Trying to decipher the One True Difference between a win and loss in the NFL can be as easy or difficult as you want it to be. Let’s think of some examples. Say one team has two more turnovers than the other, and they lost? Welp, that’s what probably did it, right there. Or maybe one team has 250 more yards of total offense than the other, and won? Hey, come on, how could they not? And if one team allows only six points? Unless this is the fourth-string Big Ten game at 11 in the morning, some grisly Iowa-Minnesota glacier melt, well that’ll usually mean victory too!
And sometimes it is as easy as that. As seeing the glaring category on the stat sheet, remembering how that number had an impact on the field, and going into next week content with some understanding of what happened.
Of course, a football game is more like the gnarled orange extension cord in your garage. A seemingly endlessly interconnected event tied by cause and effect, actions, reactions, by an offense and their defense and the opposition, by God-ordered flukes and chance, by decisions made by those playing and others coaching. It is true: there can be one difference reigning above others that contributes more to a game’s result. It could tell the biggest part of the story. It could explain the conclusion well enough. But one thing cannot totally explain a whole game. A game has knots you don’t see until you un-twist those other ones on top, which are right underneath the first snarl, and so on and so forth.

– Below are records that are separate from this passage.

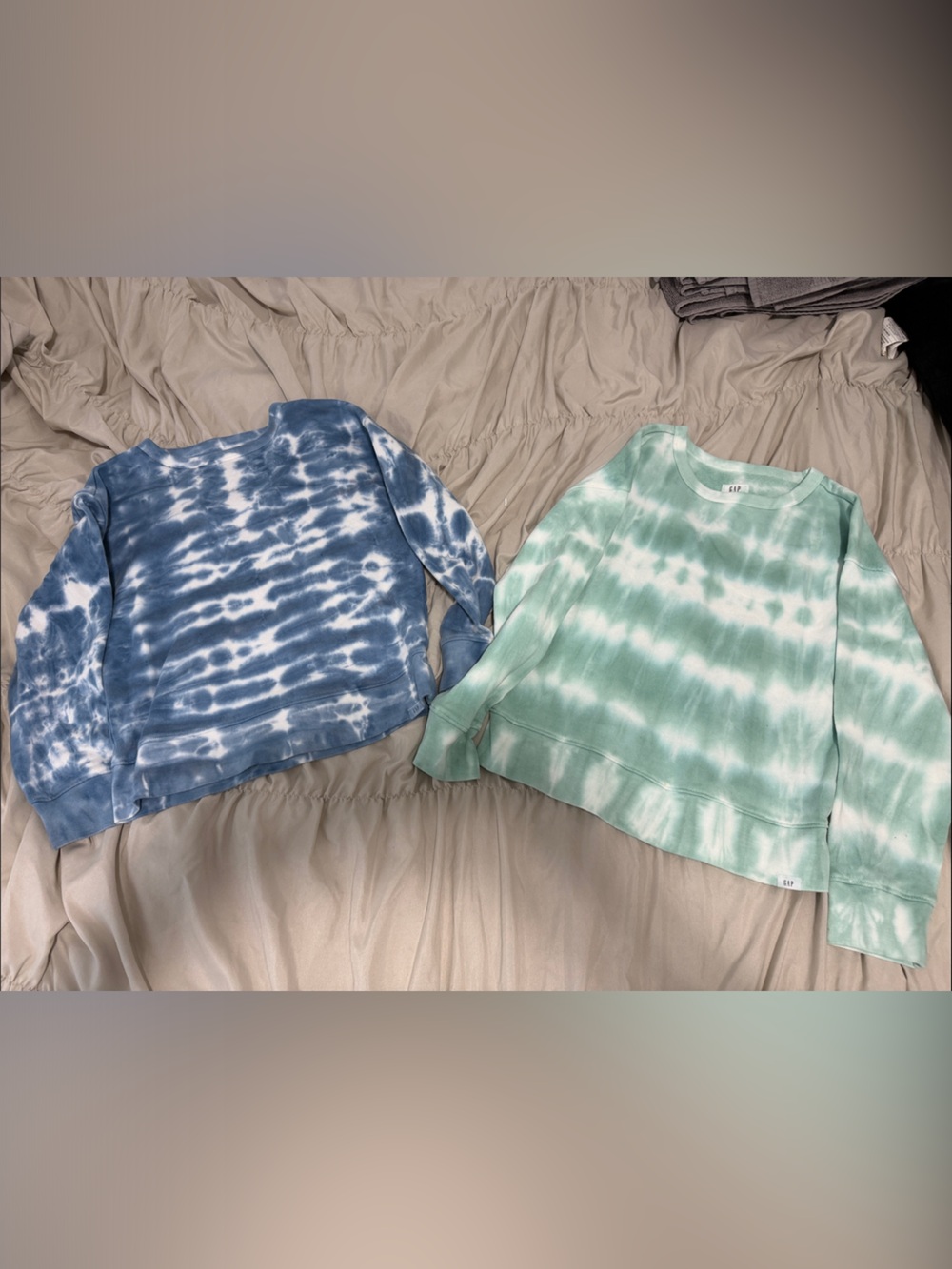 GAP Kids Tie-Dye Sweatshirts in Blue and Mint Green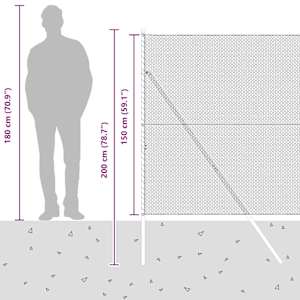 Hexagonální kotvení plotu 10 x 1,5 m Ocel potažená PVC Zelená - obrázek 15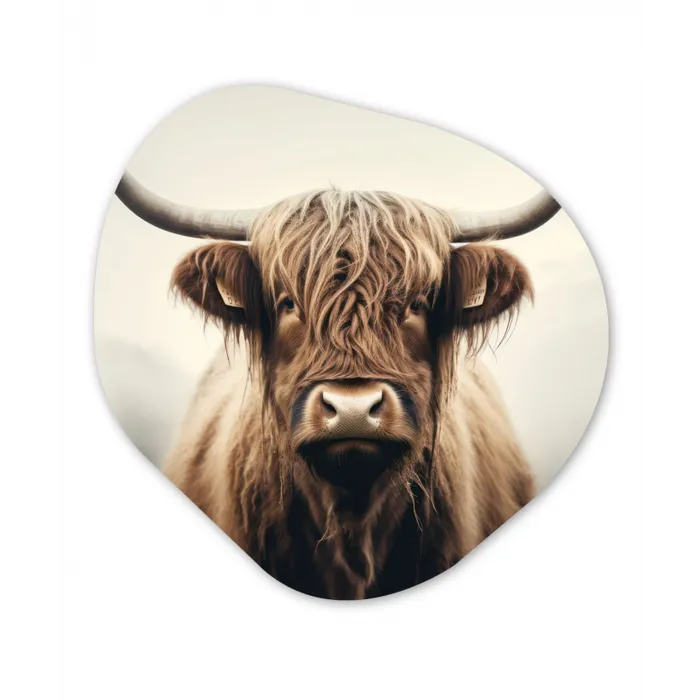 Schotse hooglander - Hoorns - Landschap Wandcirkel Organisch Forex 3mm klein -3d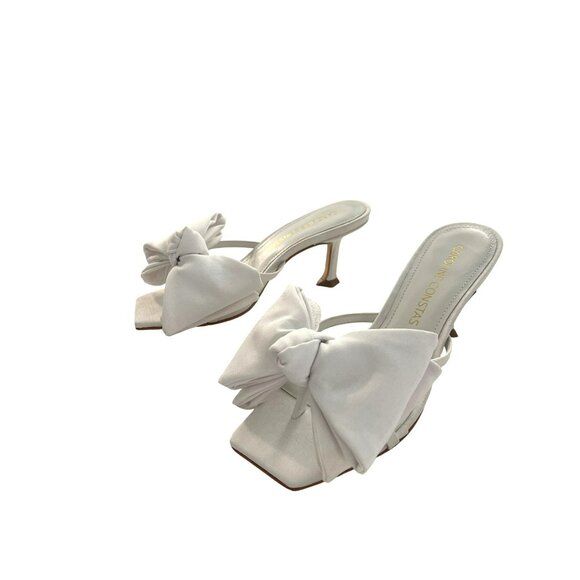 Caroline Constas White Bow Heeled Sandal Shoes Size 35.5 Bridal Wedding - Picture 3 of 9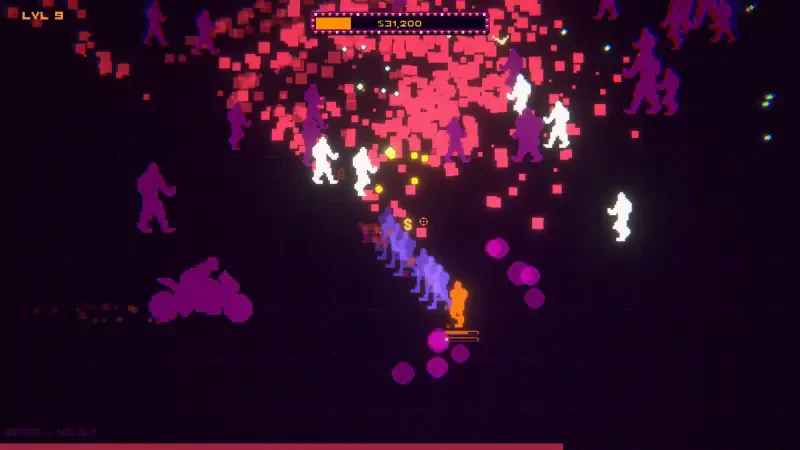 A vibrant scene from the video game BloodDome99, featuring colorful pixelated figures engaging in action amidst a backdrop of dynamic shapes and glowing explosions.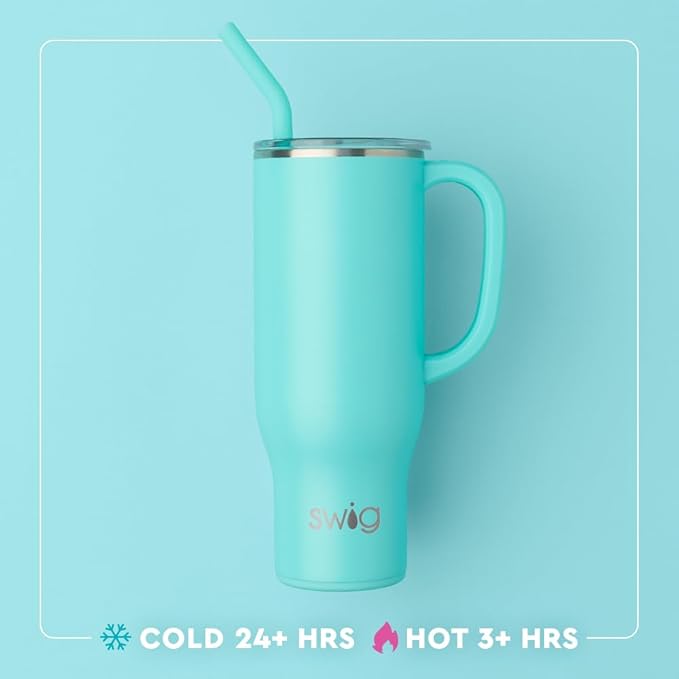 Swig Life 30oz Mega Mug, 30 oz Tumbler with Handle and Straw, Cup Holder Friendly, Dishwasher Safe, Extra Large Insulated Tumbler, Stainless Steel Bottle (Classic Nutcracker)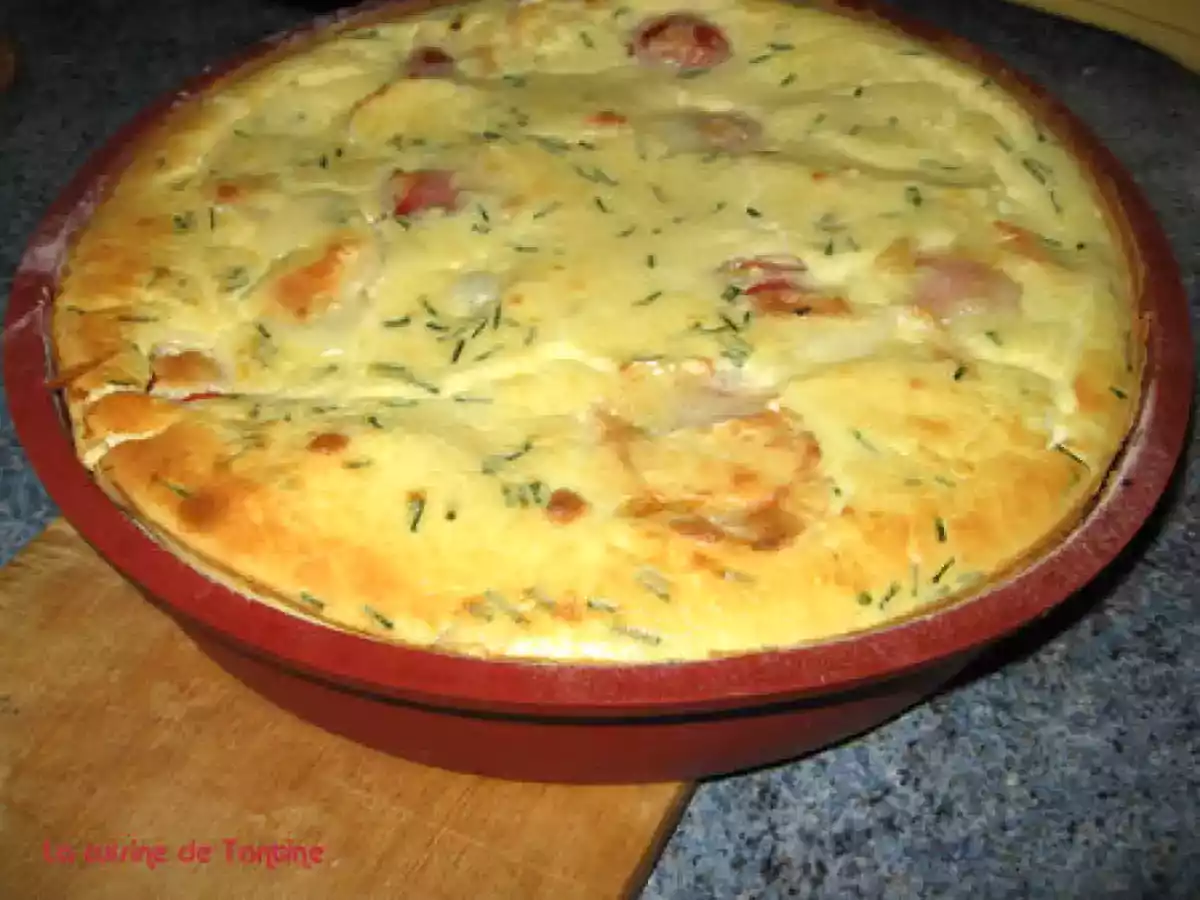 Clafoutis chèvre et tomates cerise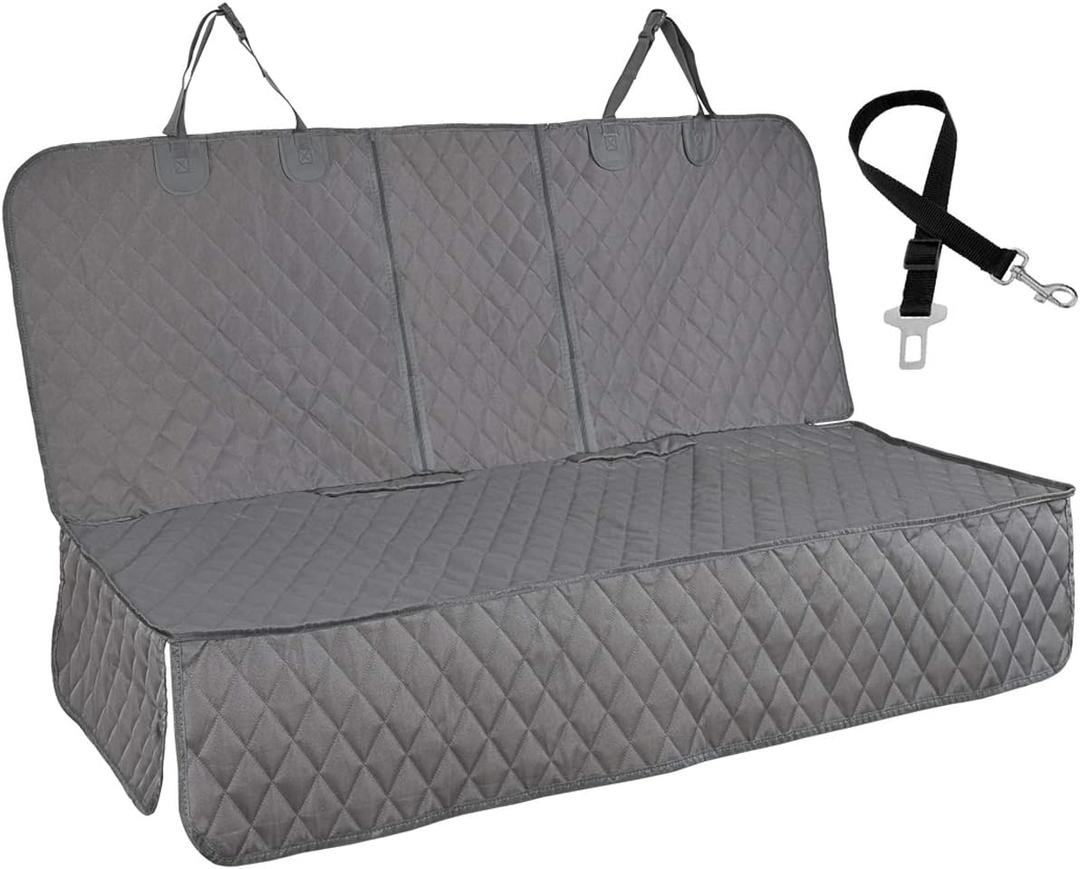 Honest Dog Car Seat Covers, Dog seat Cover with Side Flap for Cars, Trucks, and Suv's - Waterproof & Nonslip Pet Seat Cover for Backseat(Gray, 57W x 47L)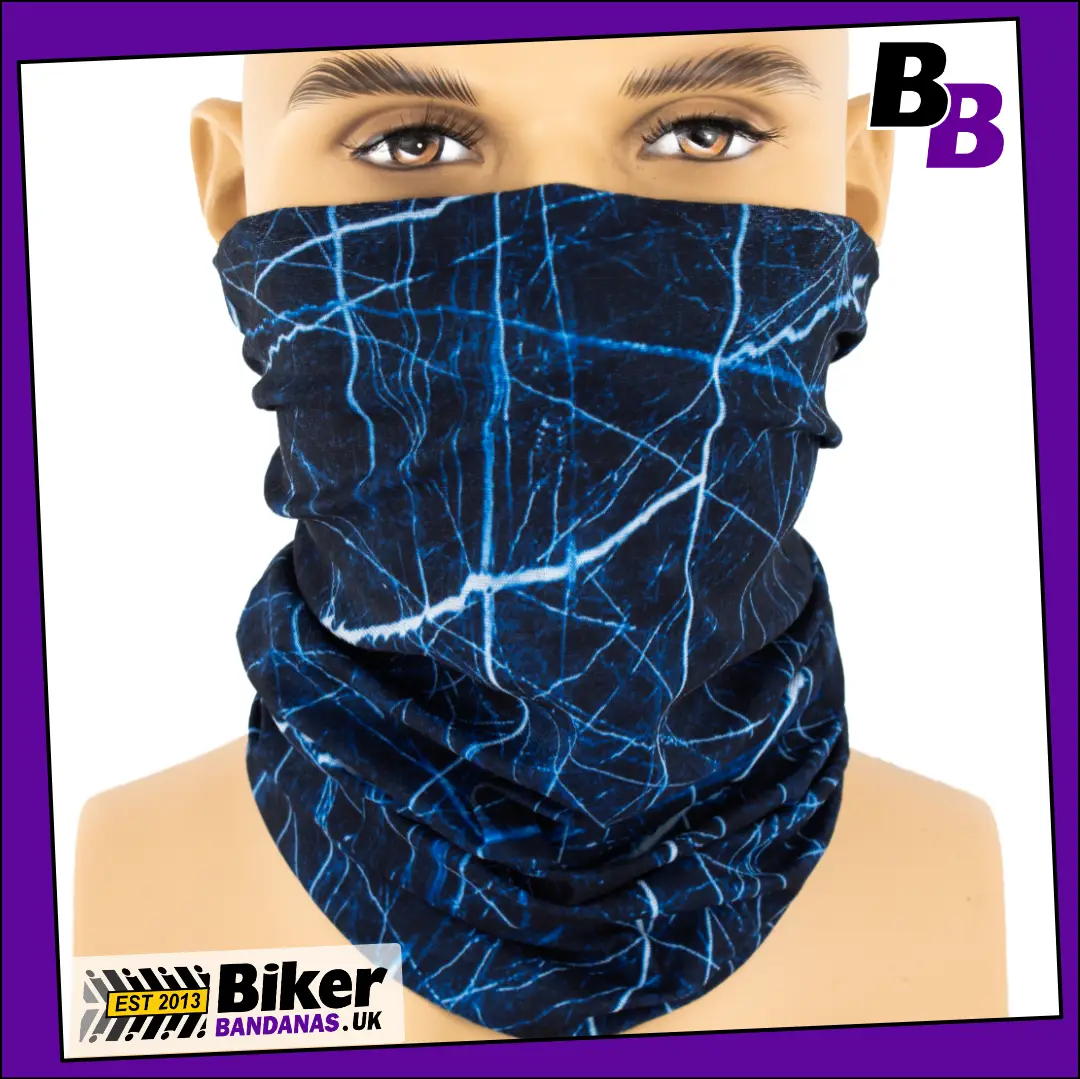 Navy Blue Cracked Ice Neck Tube Bandana / Face Mask / Neck Gaiter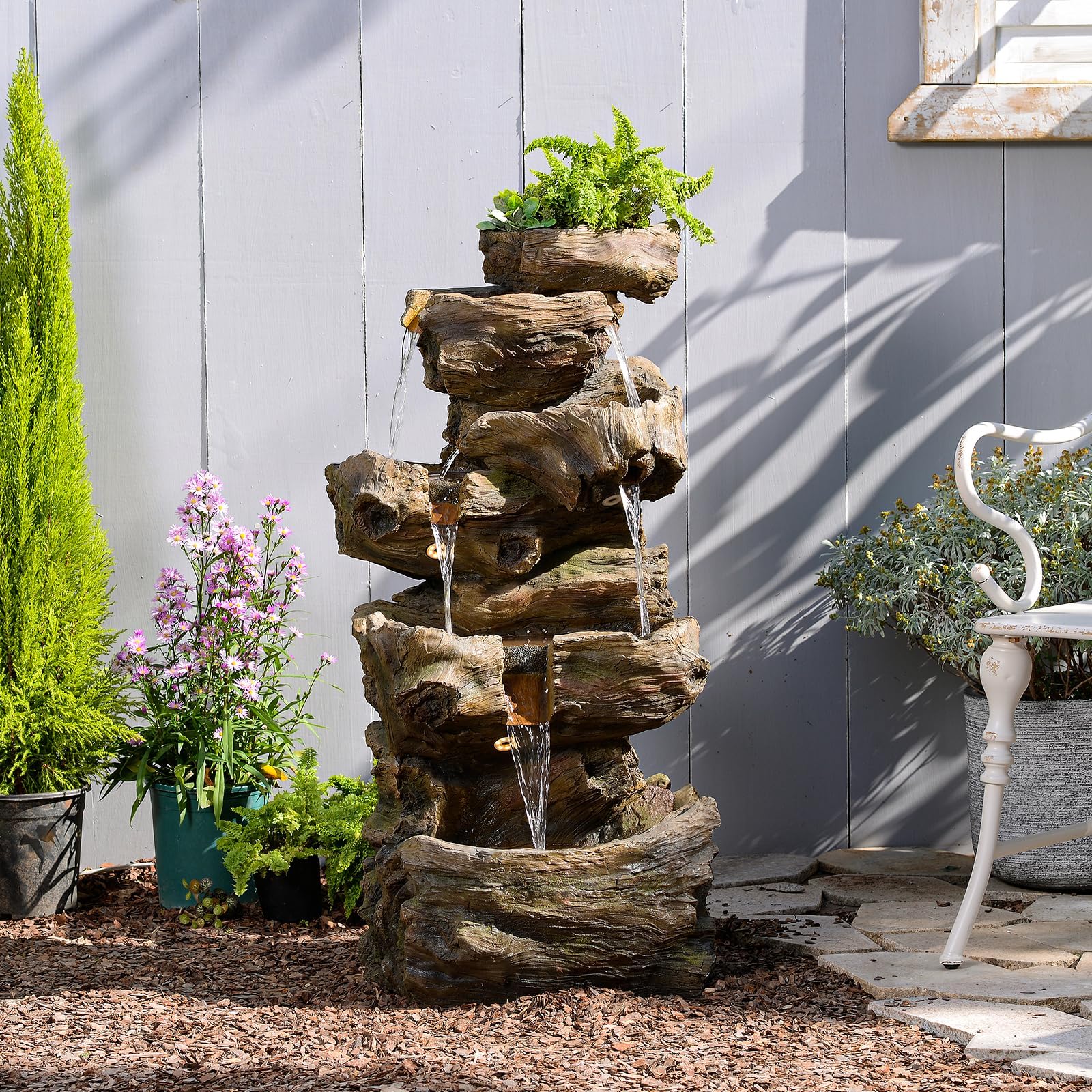 Sunlinua 103 cm H 4-stufiger Gartenbrunnen im Felsen-Look mit LED, Wasserfall und Springbrunnen für Garten, Terrasse, Balkon oder Hof, aus Harz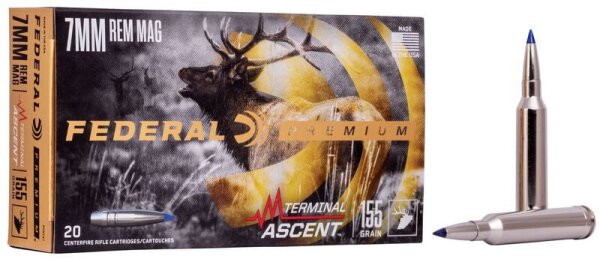 FEDERAL MUNITION 7MM REM MAG 155GR TERMINAL ASCENT 20/200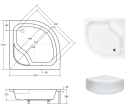 Besco Diper I 80x80x24 #BAD-80-NK akrylowy głęboki półokrągły brodzik prysznicowy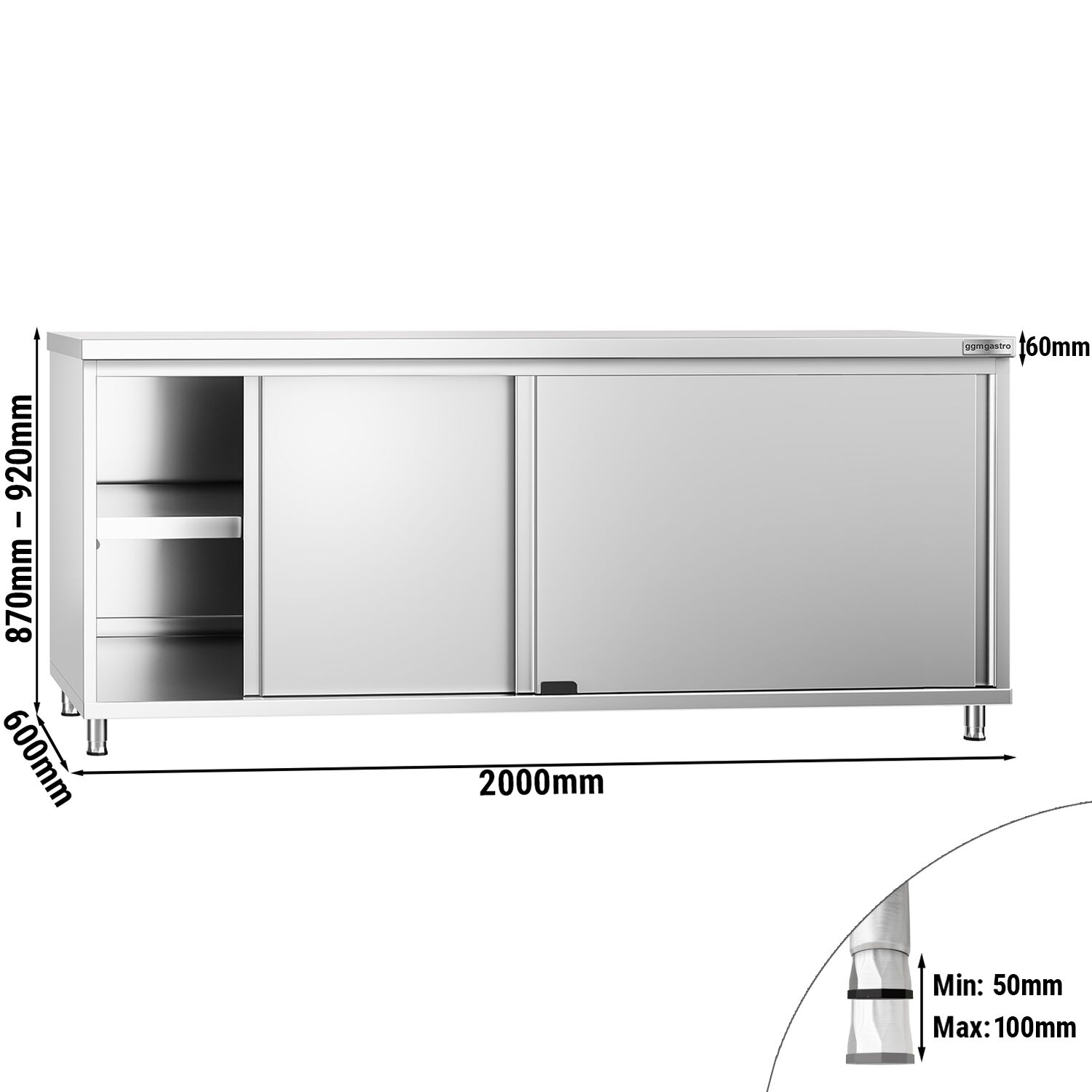 Stainless Steel Floor Cupboard PREMIUM - 2000x600mm - with Sliding Doors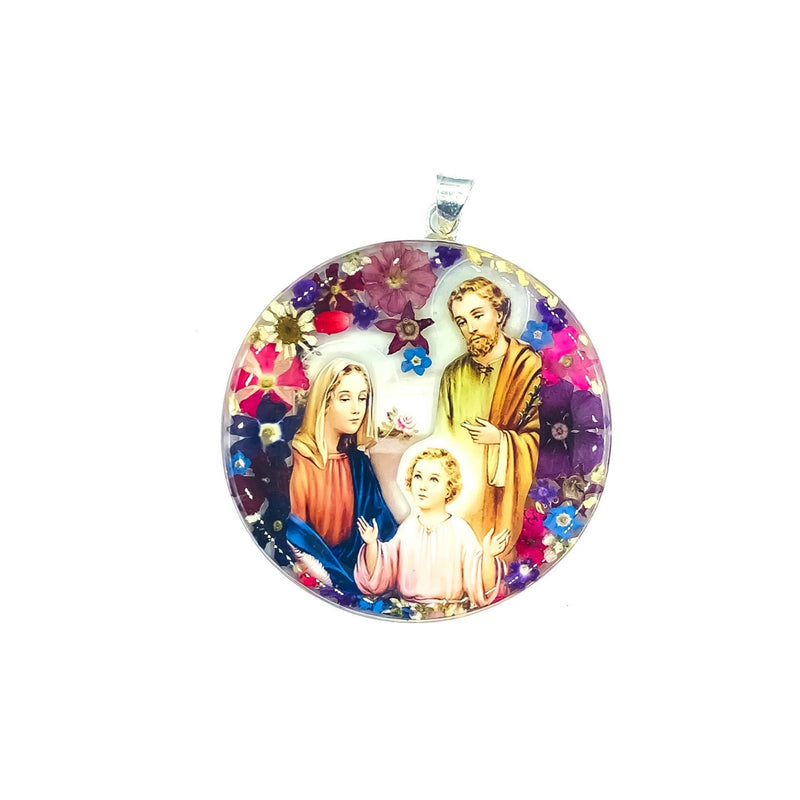 Holy Family Round Medallion w/ Pressed Flowers 2.4" x 2.4" - Guadalupe Gifts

I’m bringing this up because in previewing the Green Bay Packers offense for 2014, I thought about focusing on the offensive line, or the wide receivers, maybe the idea of what could be their most balanced approach to scoring points we’ve seen yet in the Mike McCarthy/Aaron Rodgers era.
Those are all important factors, of course. But I was trying to think about what I think about during and after a game. That’s how I landed on drives – the paths to points, or field position, or not much of anything – that the Packers embark on during a game. I thought about drives like the final one in Chicago, Week 17. Or the crazy difference between them in the first and second halves in Dallas. I thought about drives because I remember feeling that sometimes, in certain games, Green Bay’s offense would burn through a few too quickly, go three-and-out a couple of times before getting warmed up to game temperature.
After a training camp practice in August, Jordy Nelson alluded to this.
“I think I’ve said for years now that we get better as the more plays we get,” he says. “We need that first down and we get rolling a little bit, and that’s when our offense gets to its best.”
It feels pretty simplistic to talk about, as this is true for any offense, but it does feel especially important at times in this case. The first first down the Packers get can be the safety seal separating a productive trek down the field from three plays you’ll never think about ever again.
So, using some tailor-made statistics from very smart people, I wanted to dive into drives, and try to figure out how productive the Packers actually were as a whole. I wanted to keep my research as current as possible. Since personnel changes so much in Green Bay, I looked at 2013 but because of it being a very disjointed season offensively, I also went back to 2012 for the sake of looking at a full season with Rodgers under center. I wanted to see what Green Bay’s drives accomplished compared to what I thought, while considering all the factors potentially impacting the numbers.
The Packers had 186 drives in 2013, ranking 23rd in the league. (Eerily, they also had 186 in 2012, ranking 18th then.) Right away it’s important to remember this doesn’t have to be viewed strictly as a good or bad thing. For one, more drives mean your defense might be allowing more points. More drives can also mean maybe you’re playing and scoring faster than most, thus gaining more chances through the course of a game.
Despite the lower number of drives, the Packers came away with points on 40.9 percent of their possessions in ‘13, third-best in the league. A stat that considering the quarterback changes is rather surprising.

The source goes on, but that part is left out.